An hour after our 10 am departure I went back to the seat to charge my phone and started listening to the World War Z audiobook I had just gotten. Unfortunately I semi dozed off about an hour later and I woke up to a view of the Pacific coastline outside my window.

It was a foggy scene full of people on surfboards and picturesque views that a small amount of the American population has witnessed. I quickly snapped some pictures and half walked / mostly ran to the observation car. Over the next two or three hours Kenny, Reilly and I snapped pictures incessantly trying to capture the beauty we were fortunate enough to see.

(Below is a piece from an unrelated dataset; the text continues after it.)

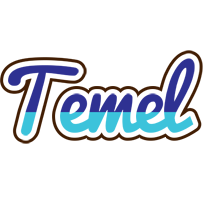 Temel raining logo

We gave the cameras a break once the train took a turn inland where we were entertained with livestock and wineries on all sides. My eyes were glued to the windows trying to take in the environment because this is by far the furthest north I had been in California. While I was scanning the scenery a woman and her son asked if they could sit in the vacant seats next to me. We talked for about 45 minutes about our respective trips, her and her son just coming back from Washington DC. She was also a teacher and loved to look at the wildlife that we saw passing us by like deer, quail, and the condors. She was very nice and her son was quiet, but it was cool to talk to another passenger on the trip. They both left and we continued to watch the background slide by.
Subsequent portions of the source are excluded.